- [WHAT TO PRODUCE] Exact reproduction of every record is required, and pictures are to be excluded.

[Stored records]
Segment Open

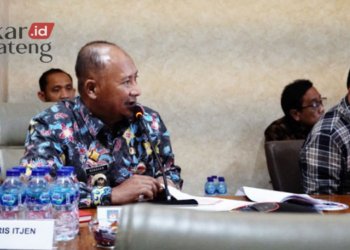 Pj Bupati Pati, Henggar Budi Anggoro (kiri). (Dok. Humas Pemkab Pati/Lingkarjateng.id)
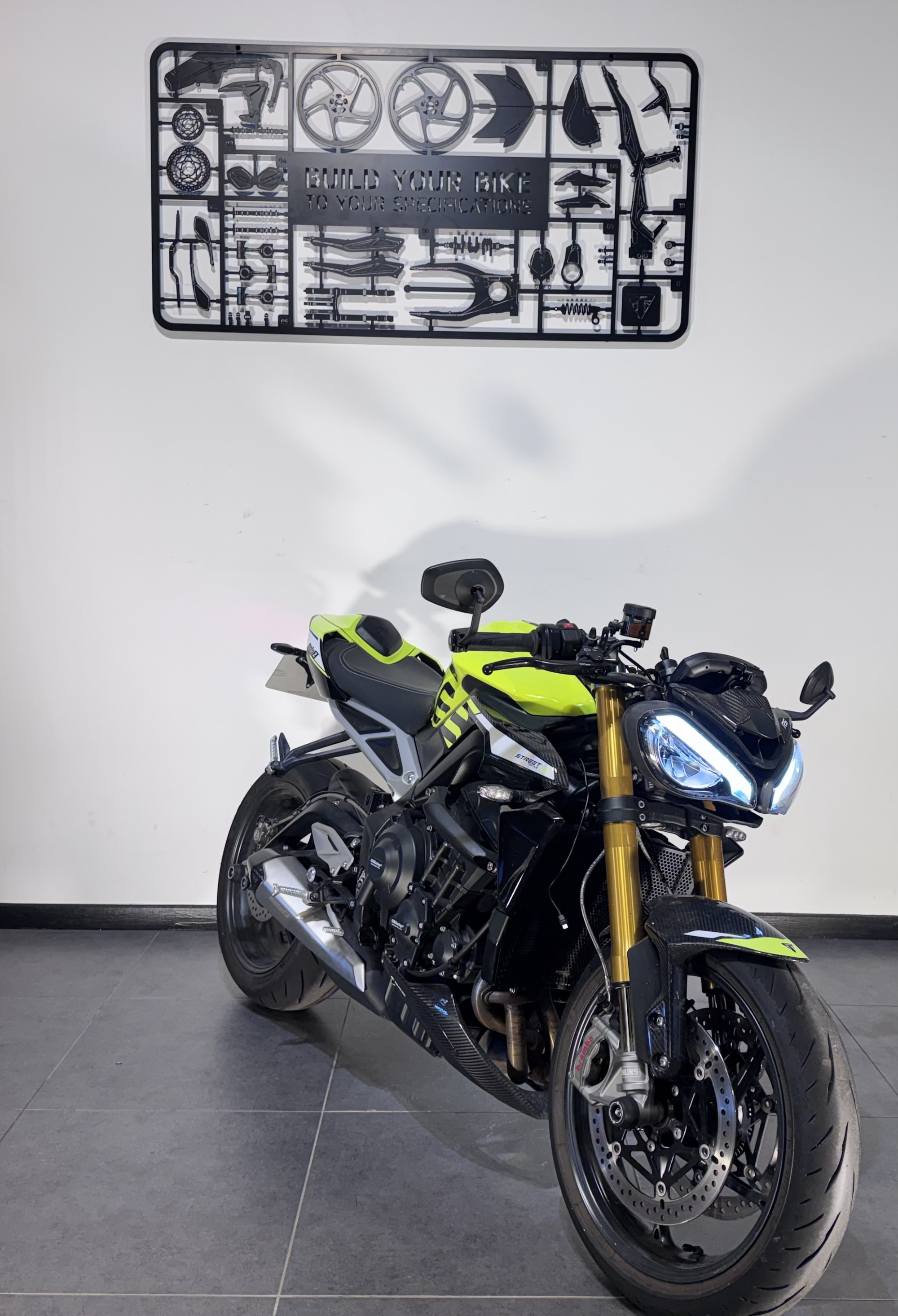 TRIUMPH STREET TRIPLE 765 MOTO2 EDITION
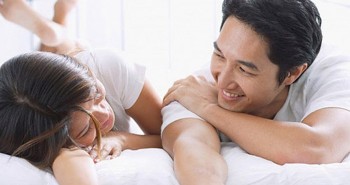 Những cử chỉ giúp chồng yêu bạn hơn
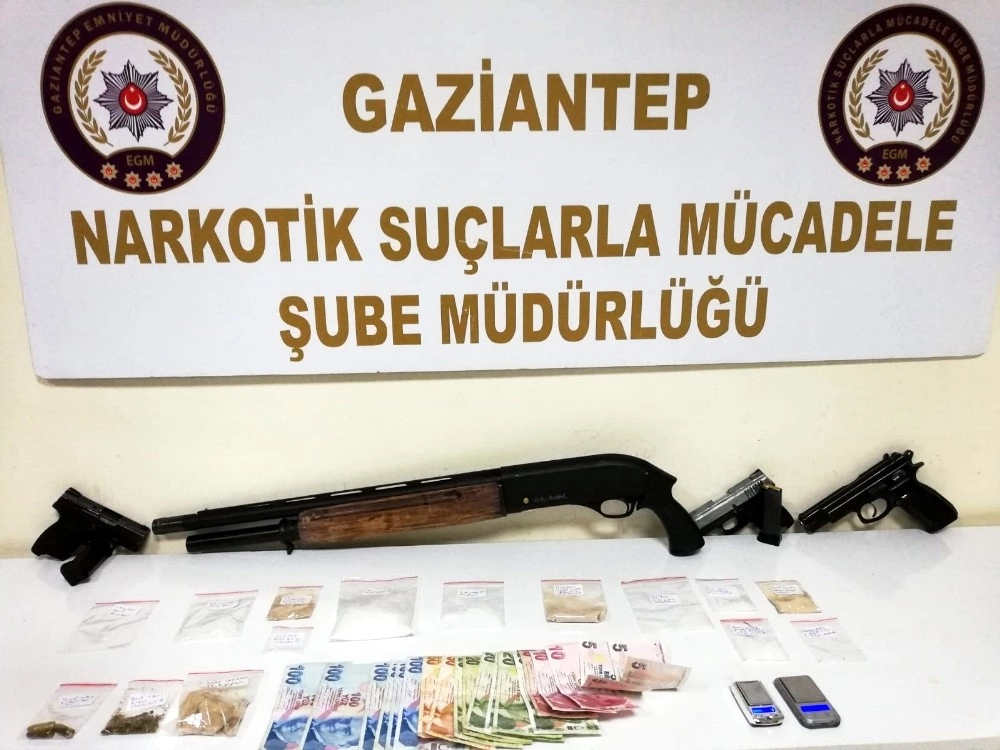 Uyuşturucu Tacirlerine Eş Zamanlı Operasyon: 8 Gözaltı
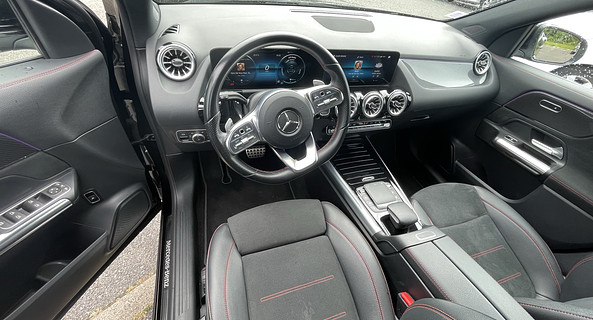 location-MERCEDES-BENZ-Cergy-roadstr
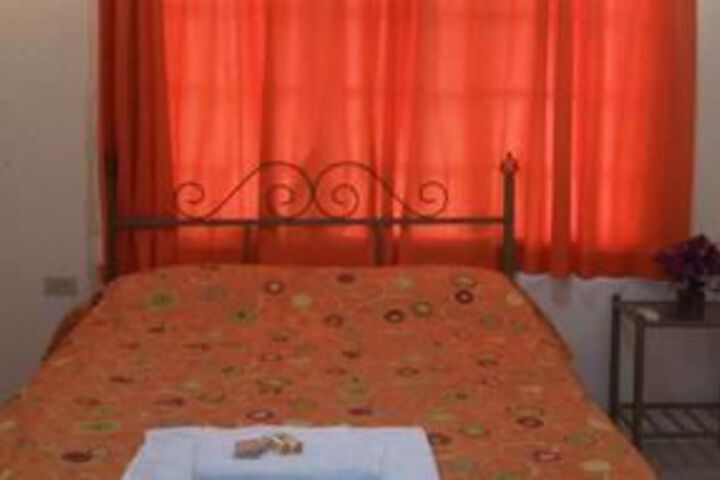 Room 8 of 34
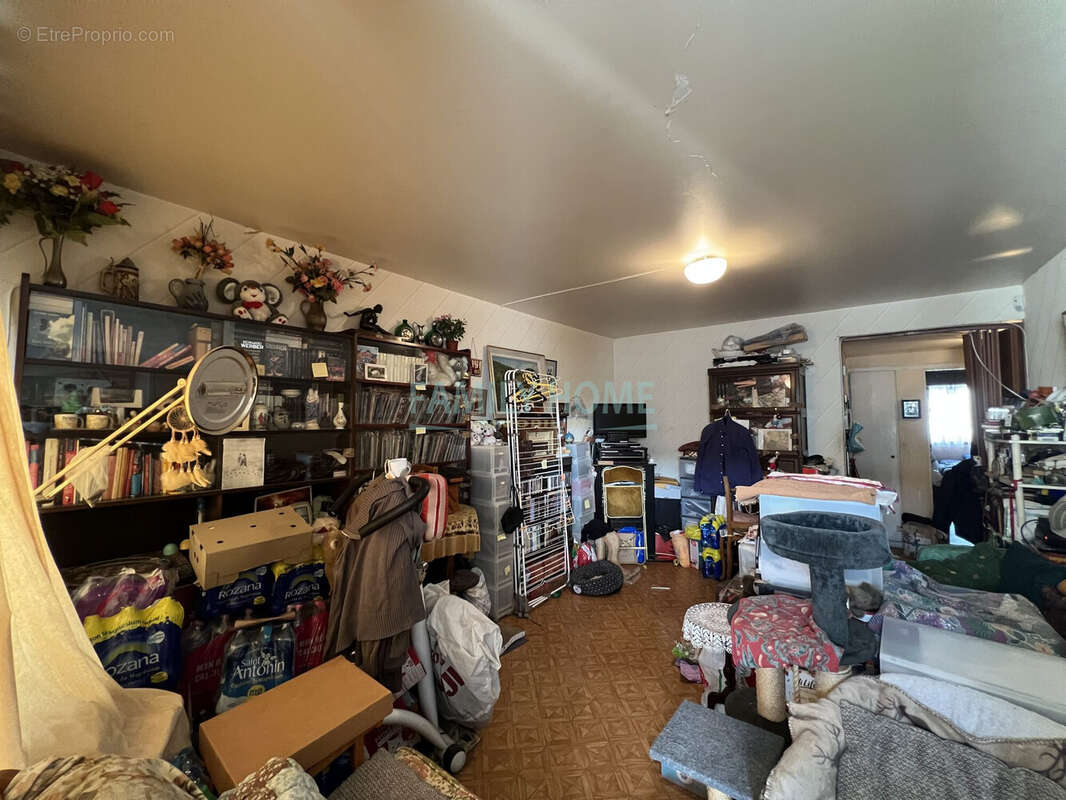 Appartement à PARIS-14E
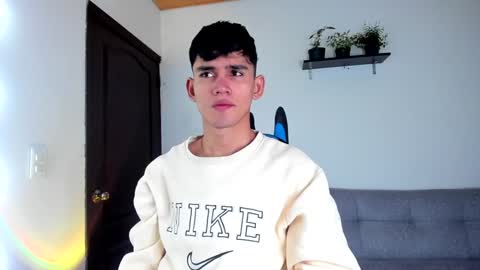 Snapshot of estebanperez_ chatting on January 23, 1:02 pm Esteban online show from January 23, 1:02 pm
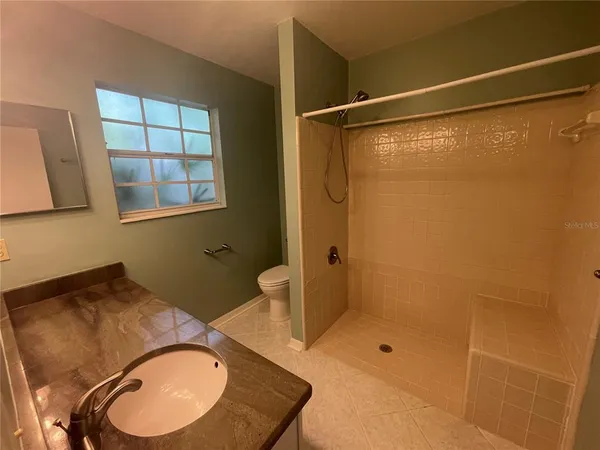 $1,900 | 324 Northwest 48th Boulevard, Unit K, Gainesville, FL 32607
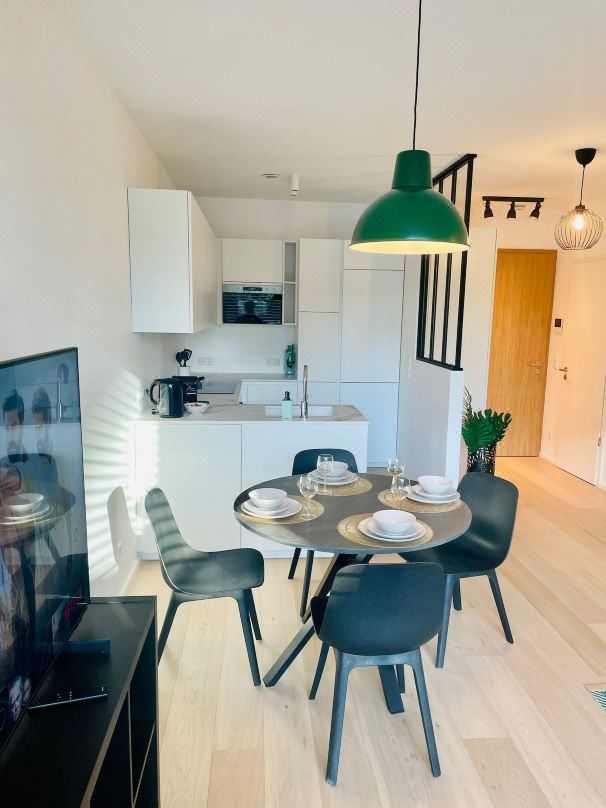 Large 1 Bedroom -Center Terrace Parking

Segment Closed

- [RESPONSE]
 Pj Bupati Pati, Henggar Budi Anggoro (kiri). (Dok. Humas Pemkab Pati/Lingkarjateng.id)
 TRIUMPH STREET TRIPLE 765 MOTO2 EDITION
 Những cử chỉ giúp chồng yêu bạn hơn
 Uyuşturucu Tacirlerine Eş Zamanlı Operasyon: 8 Gözaltı
 location-MERCEDES-BENZ-Cergy-roadstr
 Room 8 of 34
 Appartement à PARIS-14E
 Snapshot of estebanperez_ chatting on January 23, 1:02 pm Esteban online show from January 23, 1:02 pm
 $1,900 | 324 Northwest 48th Boulevard, Unit K, Gainesville, FL 32607
 Large 1 Bedroom -Center Terrace Parking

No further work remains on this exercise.